Back in the Land of Milk and Money


 Many of you asked me to continue with this blog rather than starting a new one; I’m happy to oblige and spare you the hassle of bookmarking a new URL… So my travails will continue here, hope you’ll continue to find them intriguing. 

Hardly had I begun to adjust to being back in Zurich than a nettlesome restlessness overcame me.  After just three weeks of office time, sitting on my duff and staring at my computer screen, I clearly needed to get out of Dodge for a while.  Plus, a record hot summer in a city with scant air conditioning is really no fun.  Circumstances conspired to enable a whole week’s escape from the steaming asphalt and chilling stresses of the urban work world, and after briefly considering a beach vacay in the Mediterranean, I opted instead for a good ol’ Swiss summer sojourn: to the mountains.
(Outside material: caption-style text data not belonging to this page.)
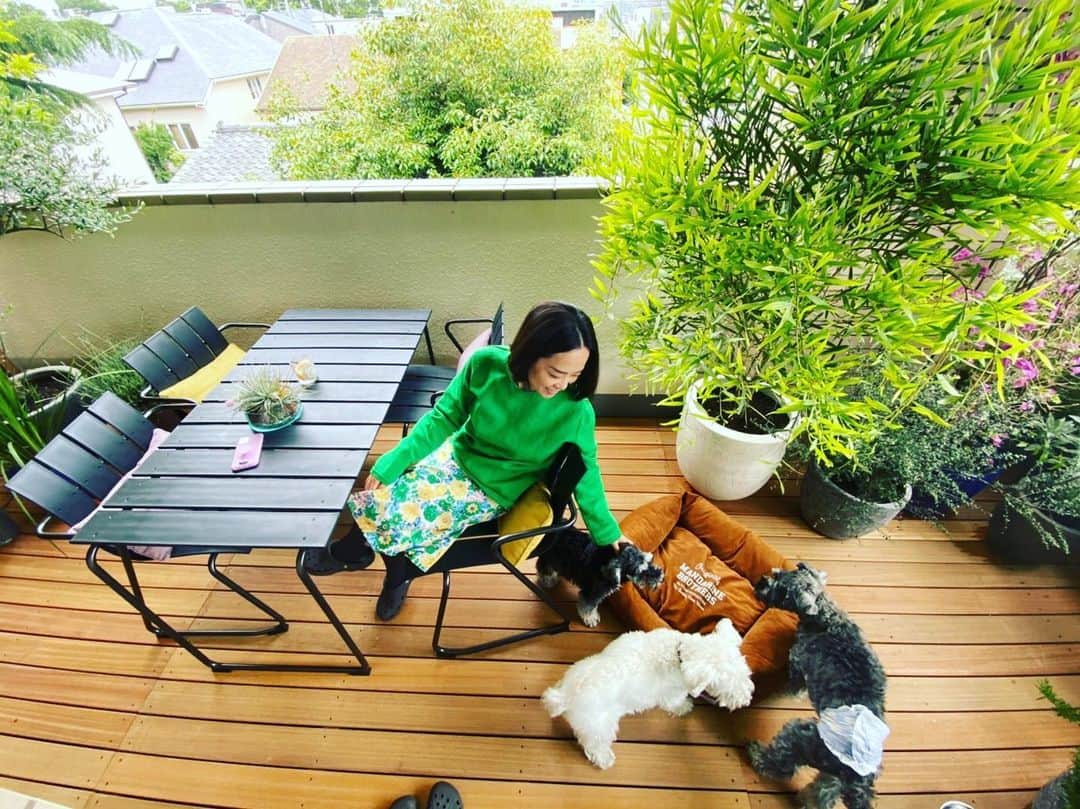 HiRAO INCのインスタグラム：「. 手付かずにしていたテラス 家にいる時間が長くなったから 心地よく過ごせるようにしたら 思った以上に良くなった。 10年以上使って無かった場所。 チビたちも嬉しそう　🐶✨ . . グリーンと空間は　@solsofarm に依頼 グリーンはレモン　イチジク　ローズマリー　ラベンダー　ホワイトセージ　オリーブなど、ハーブや食べられる植物を中心に、アカシア　ゴールデンロット　ヌーダム　コトネアスター　アジサイ　グリーンドラゴン　グレヴィレア　ウエストリンギア　ゴンフォスティグマ　ホワイトソルトブッシュ　ディエディス　ツリージャーマンダー　ハクチョウゲ 差し色でブーゲンビリアを . テーブルと椅子は　 20世紀のデンマークを代表するデザイナーデュオ ナナ・ディッツェルが1955年にデザインした ガーデンチェアの素材を変更して復刻させた Ocean Chair & Table . . 現在世界中で問題になっている 海洋プラスティックをリサイクルしたシリーズ。 . . COMPLEX UNIVERSAL FURNITURE SUPPLY で 取り扱ってます。@complex_ufs  #mutsulannsora」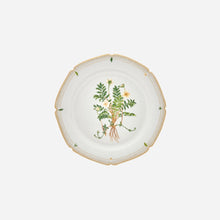 Botanicals Dessert Plate - Set of 6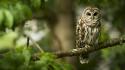 Birds depth of field nature owls trees wallpaper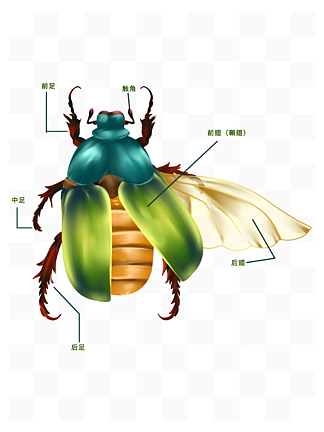 昆虫生物 素材免费下载 昆虫生物图片大全 昆虫生物模板 千图网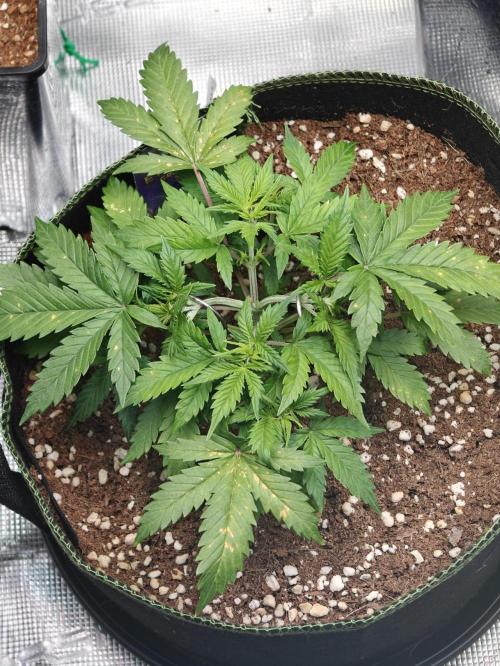 Sticky Broccoli auto. Week 4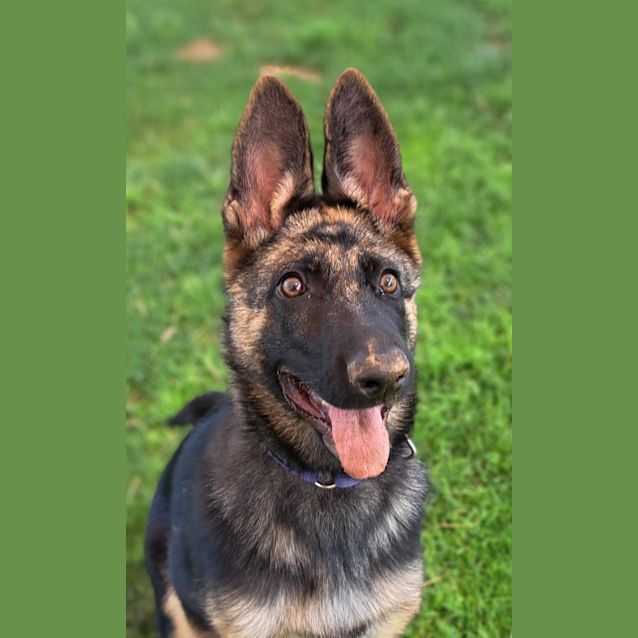 Photo of Ruby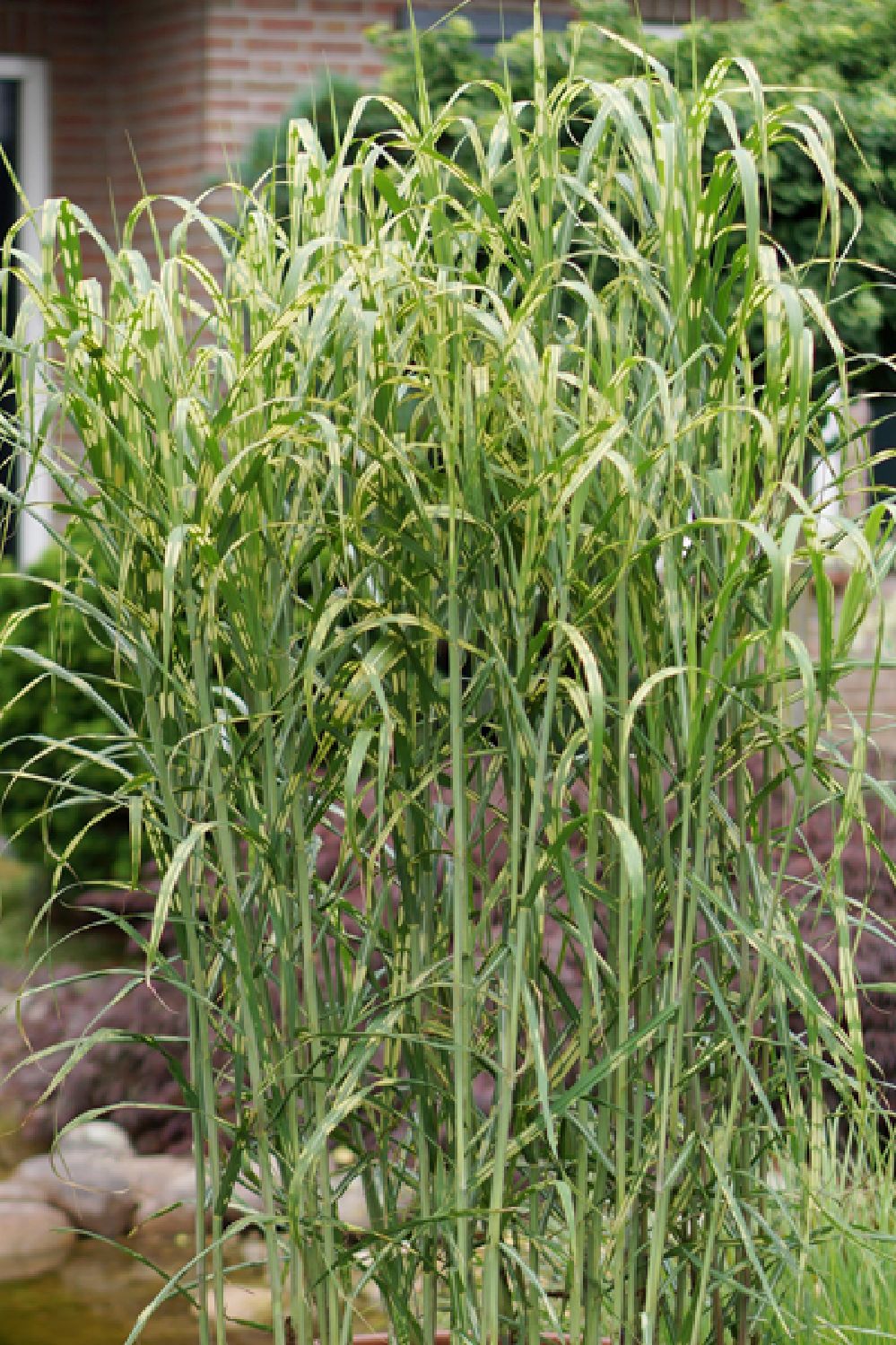 Miscanthus x giganteus 'Aligator' (Hohes Chinaschilf)
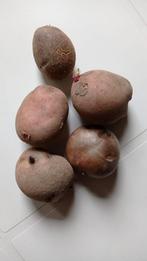Pootaardappelen Sarpo Mira poters, Tuin en Terras, Ophalen of Verzenden, Voorjaar, Volle zon, Knol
So yay, a mini road trip! 
After driving west for less than 2 hours, I cross the Röstigraben, the linguistic – cultural – culinary – temperamental divide between the Germanic and the Romandie regions. Within 100 meters grüezi becomes bonjour, and this in the same country!  This is truly one of the things I love most about Europe – now if we could just get rid of that pesky currency and revert to a myriad of pesos, lire, schilling, marks, guilder, dinar and the like. 

I cruise through the picturesque landscape that tourists, marketing mavens, and locals alike love: rolling hills of green grass dotted with dark-timbered farmhouses, thick bales of golden hay, and black-and-white dairy cows. Red carnations in window boxes as far as the eye can see.  Snow-tipped mountains (biggest over 4K) as backdrop. Pass the cheese-producing areas of Gruyère and Emmental, the vineyards of Yvorne and Aigle, and arrive in the idyllic, beautifully preserved village of Vers-l’Église in the Vaudoise Alps.



























A dear friend has generously lent me her über-charming chalet and I revel in my alone-time to spend 7 days
reading writing hiking
hiking reading writing
writing hiking reading

Back in my travel togs, with only myself to answer to, I am once again free of the responsibilities of reality and the respite is particularly sweet in the cool relief of 1200 meters.  I even unintentionally have a day of silence (try it some time, does wonders) and soon feel the tension melting away like the ice from the local glacier.